Your task —
Among the records below, find each line bearing the word "Фото" and copy it.

Information supplied —
┏━━

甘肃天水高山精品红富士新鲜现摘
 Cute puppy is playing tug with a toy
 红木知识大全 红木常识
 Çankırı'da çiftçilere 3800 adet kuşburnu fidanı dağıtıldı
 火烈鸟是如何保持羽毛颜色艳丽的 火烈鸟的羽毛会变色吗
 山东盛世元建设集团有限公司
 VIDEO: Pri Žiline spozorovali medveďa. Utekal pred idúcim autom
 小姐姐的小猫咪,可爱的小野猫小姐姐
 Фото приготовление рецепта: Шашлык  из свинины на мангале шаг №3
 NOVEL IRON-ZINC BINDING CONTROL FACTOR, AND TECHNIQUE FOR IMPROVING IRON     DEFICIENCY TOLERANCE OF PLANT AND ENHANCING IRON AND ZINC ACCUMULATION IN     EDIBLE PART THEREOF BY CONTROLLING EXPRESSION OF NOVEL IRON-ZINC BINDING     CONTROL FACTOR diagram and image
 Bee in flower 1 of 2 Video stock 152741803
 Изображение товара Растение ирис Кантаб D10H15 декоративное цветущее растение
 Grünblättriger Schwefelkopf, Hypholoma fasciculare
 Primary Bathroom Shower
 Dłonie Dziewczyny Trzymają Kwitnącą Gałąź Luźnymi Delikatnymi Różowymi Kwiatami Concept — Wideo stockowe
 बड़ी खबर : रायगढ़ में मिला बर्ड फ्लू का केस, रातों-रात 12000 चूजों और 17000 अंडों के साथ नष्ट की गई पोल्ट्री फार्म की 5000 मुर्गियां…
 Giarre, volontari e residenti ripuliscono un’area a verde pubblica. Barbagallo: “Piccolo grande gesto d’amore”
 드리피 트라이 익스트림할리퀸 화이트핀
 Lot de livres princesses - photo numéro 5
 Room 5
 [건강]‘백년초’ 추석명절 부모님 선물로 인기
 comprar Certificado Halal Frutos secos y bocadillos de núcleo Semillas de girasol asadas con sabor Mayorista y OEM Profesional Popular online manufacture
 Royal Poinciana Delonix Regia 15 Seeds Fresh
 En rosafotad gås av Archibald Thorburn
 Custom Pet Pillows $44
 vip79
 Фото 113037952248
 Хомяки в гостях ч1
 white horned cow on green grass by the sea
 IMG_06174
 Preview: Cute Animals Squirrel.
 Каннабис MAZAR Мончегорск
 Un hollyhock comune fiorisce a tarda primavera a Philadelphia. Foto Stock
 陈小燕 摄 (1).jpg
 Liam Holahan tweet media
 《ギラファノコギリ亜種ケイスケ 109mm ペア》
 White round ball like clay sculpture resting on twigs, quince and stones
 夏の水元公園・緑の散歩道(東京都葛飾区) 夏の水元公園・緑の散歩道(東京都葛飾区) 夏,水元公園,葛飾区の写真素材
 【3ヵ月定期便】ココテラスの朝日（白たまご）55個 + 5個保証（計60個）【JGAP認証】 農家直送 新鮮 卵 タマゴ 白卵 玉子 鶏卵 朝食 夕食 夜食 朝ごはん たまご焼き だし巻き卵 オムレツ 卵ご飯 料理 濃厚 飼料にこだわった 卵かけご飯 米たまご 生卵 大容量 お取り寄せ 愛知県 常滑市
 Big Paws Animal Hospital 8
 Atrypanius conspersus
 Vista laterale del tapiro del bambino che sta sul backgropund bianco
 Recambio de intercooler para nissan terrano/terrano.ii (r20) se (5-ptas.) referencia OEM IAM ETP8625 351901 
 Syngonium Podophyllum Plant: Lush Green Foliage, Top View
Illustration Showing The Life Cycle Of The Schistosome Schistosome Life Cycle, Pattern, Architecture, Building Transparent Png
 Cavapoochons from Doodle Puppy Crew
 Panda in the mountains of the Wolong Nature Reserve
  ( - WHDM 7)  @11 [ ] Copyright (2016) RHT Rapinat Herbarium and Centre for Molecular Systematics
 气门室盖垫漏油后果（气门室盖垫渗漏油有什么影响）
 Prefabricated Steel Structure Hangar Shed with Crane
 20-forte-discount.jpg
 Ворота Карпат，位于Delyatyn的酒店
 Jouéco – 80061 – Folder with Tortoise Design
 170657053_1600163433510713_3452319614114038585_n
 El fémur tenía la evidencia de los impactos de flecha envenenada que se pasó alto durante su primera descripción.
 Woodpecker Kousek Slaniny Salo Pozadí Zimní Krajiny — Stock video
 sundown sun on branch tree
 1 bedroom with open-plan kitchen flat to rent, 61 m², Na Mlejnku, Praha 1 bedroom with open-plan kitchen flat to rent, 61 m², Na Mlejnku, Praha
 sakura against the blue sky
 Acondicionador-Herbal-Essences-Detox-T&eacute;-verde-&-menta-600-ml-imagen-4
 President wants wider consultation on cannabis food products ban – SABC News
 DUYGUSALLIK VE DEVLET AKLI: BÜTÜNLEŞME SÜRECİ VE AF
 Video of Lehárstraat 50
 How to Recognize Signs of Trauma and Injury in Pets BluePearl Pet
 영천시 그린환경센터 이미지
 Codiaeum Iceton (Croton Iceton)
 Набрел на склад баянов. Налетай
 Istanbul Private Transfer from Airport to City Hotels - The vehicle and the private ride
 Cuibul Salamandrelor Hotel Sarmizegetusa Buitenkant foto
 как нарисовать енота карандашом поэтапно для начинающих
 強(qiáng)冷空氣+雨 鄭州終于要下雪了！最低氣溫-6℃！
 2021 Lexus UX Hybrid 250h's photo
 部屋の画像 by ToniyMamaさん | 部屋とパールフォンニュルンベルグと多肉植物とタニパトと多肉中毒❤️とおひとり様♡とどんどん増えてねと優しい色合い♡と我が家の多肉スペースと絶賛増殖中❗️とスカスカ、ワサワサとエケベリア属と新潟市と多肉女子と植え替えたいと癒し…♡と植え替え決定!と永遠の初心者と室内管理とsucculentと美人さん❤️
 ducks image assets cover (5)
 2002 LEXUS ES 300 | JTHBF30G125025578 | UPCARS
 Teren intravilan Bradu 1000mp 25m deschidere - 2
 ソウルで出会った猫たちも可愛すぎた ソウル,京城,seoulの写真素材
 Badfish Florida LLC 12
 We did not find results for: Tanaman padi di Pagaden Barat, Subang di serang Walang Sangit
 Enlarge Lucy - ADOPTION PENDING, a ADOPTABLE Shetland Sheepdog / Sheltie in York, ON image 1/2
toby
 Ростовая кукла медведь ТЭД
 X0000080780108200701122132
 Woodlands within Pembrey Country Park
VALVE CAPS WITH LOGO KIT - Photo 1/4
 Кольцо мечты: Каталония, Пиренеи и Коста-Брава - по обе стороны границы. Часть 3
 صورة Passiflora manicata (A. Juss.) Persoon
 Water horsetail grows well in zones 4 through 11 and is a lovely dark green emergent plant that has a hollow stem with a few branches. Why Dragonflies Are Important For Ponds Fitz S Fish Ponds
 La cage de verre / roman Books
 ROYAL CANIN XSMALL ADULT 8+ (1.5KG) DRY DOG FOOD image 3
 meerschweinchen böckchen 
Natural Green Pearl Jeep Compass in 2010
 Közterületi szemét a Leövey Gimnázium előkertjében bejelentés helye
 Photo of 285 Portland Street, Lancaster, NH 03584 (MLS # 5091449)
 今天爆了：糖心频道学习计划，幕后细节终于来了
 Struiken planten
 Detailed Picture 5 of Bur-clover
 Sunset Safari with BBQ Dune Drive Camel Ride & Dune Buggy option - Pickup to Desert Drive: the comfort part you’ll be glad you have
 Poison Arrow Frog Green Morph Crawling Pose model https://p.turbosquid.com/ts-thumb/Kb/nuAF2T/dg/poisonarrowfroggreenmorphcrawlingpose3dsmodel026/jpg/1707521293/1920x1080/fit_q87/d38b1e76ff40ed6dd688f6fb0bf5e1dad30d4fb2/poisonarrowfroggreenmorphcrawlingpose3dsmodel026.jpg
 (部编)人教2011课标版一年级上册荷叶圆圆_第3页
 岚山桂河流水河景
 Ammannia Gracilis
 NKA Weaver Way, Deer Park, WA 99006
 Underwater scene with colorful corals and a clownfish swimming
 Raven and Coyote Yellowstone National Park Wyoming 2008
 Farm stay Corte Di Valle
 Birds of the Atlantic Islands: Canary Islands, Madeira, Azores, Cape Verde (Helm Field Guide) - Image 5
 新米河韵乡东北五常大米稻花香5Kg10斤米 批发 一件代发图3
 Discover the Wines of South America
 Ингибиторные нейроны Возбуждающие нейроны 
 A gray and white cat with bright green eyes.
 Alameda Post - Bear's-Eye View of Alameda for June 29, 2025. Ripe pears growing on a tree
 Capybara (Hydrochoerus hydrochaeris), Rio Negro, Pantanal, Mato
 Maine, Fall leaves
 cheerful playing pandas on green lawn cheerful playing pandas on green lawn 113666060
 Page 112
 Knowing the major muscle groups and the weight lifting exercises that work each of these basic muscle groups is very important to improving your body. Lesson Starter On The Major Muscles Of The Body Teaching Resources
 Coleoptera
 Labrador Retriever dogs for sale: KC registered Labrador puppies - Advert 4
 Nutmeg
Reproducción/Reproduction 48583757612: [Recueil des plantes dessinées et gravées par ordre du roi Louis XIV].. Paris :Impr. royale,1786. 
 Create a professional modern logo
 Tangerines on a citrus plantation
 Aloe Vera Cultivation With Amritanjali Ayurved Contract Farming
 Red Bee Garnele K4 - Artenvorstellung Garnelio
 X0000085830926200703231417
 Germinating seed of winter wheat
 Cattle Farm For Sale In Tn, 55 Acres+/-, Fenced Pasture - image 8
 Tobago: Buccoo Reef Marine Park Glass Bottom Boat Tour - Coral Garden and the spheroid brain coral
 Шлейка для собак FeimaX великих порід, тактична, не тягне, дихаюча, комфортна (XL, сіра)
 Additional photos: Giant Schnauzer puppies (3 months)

┗━━

Answer —
 Фото приготовление рецепта: Шашлык  из свинины на мангале шаг №3
 Фото 113037952248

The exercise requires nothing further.